Mais l’histoire ne s’arrête malheureusement pas là. Car la crise actuelle a de nouveau amputé les niveaux de croissance structurelle de la totalité des pays développés. En effet, compte tenu des dérapages du passé, il est désormais clair que les différents effets de levier (sur les marchés, mais aussi au niveau de l’endettement bancaire des ménages et des entreprises) vont être réduits considérablement. Autrement dit, les dépenses d’investissement et de consommation s’en trouveront réduites. Le monde qui nous attend désormais est donc basé sur deux piliers : moins de risque mais aussi moins de croissance.
Selon nos estimations, l’impact négatif de cette crise sur la croissance structurelle sera de l’ordre de 0,5 point.
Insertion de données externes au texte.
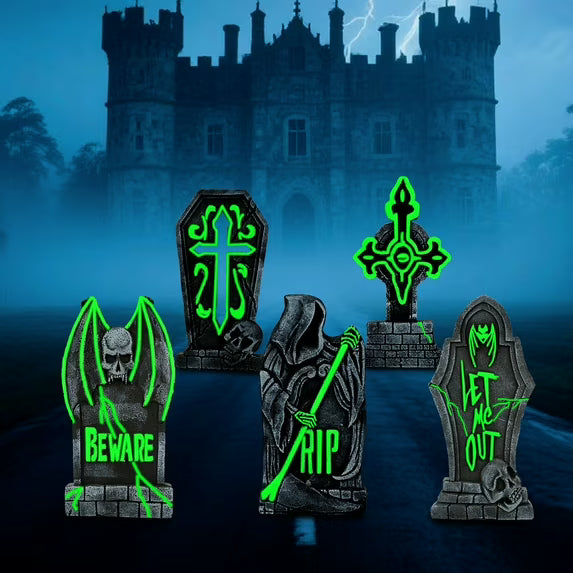 Joyfy 5-Pack 17 Inch Halloween Tombstone Outdoor Decorations, Foam RIP Cemetery Headstone Decorations and 12 Halloween Yard Lawn Decoration Metal Stakes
Cela signifie donc que celle des Etats-Unis a retrouvé son niveau des années 90, à 2,5 %, mais aussi que celle de la zone euro n’est plus que de 1,3 %. En d’autres termes, notre base de départ est bien plus basse qu’aux Etats-Unis et qu’il y a quinze ans. Le plus problématique réside dans le fait que pour engager un cercle vertueux de fortes créations d’emplois, une croissance d’au moins 2 % est nécessaire et que cette dernière doit atteindre 3 % pour éviter l’explosion de la bulle de la dette publique à partir de 2012-2015 (liée notamment au non financement de la retraite par répartition dans la plupart des pays de la zone euro).
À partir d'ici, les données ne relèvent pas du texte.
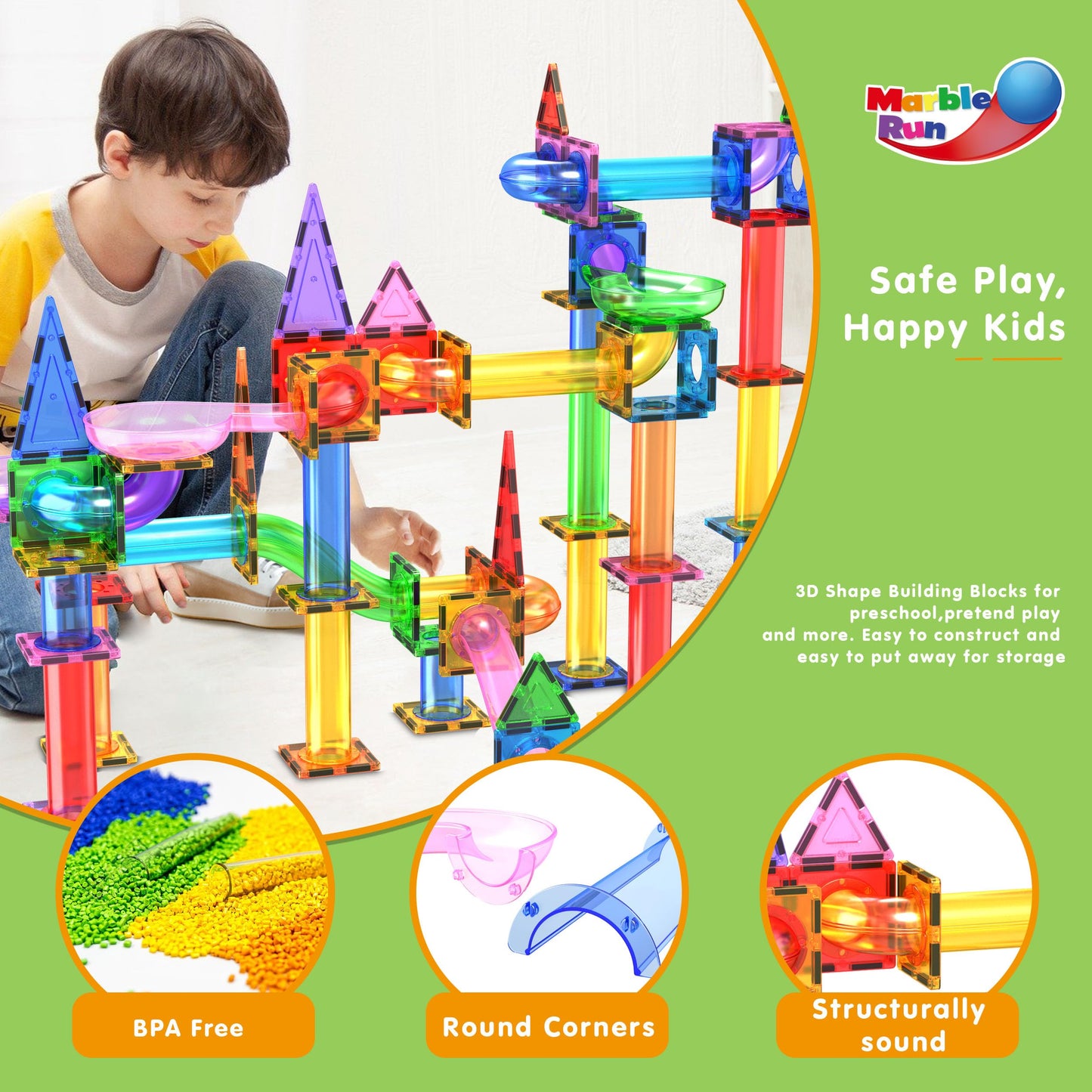 PicassoTiles 108pc 3-in-1 Marble Run Car Race Track Combo Magnetic Tiles PicassoToys Magnet Building Block Educational Construction Toy Playset STEM STEAM Learning Kit Child Brain Development PTG108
Au-delà de la sortie de l’actuelle crise, le vrai enjeu qui attend les dirigeants européens se situe donc dans la gestion de l’après-crise, car si ces derniers ne trouvent pas les ressorts et le courage pour relancer la croissance structurelle, l’avenir de l’économie eurolandaise ne sera pas un W, ni en U, ni même un L, mais un J inversé.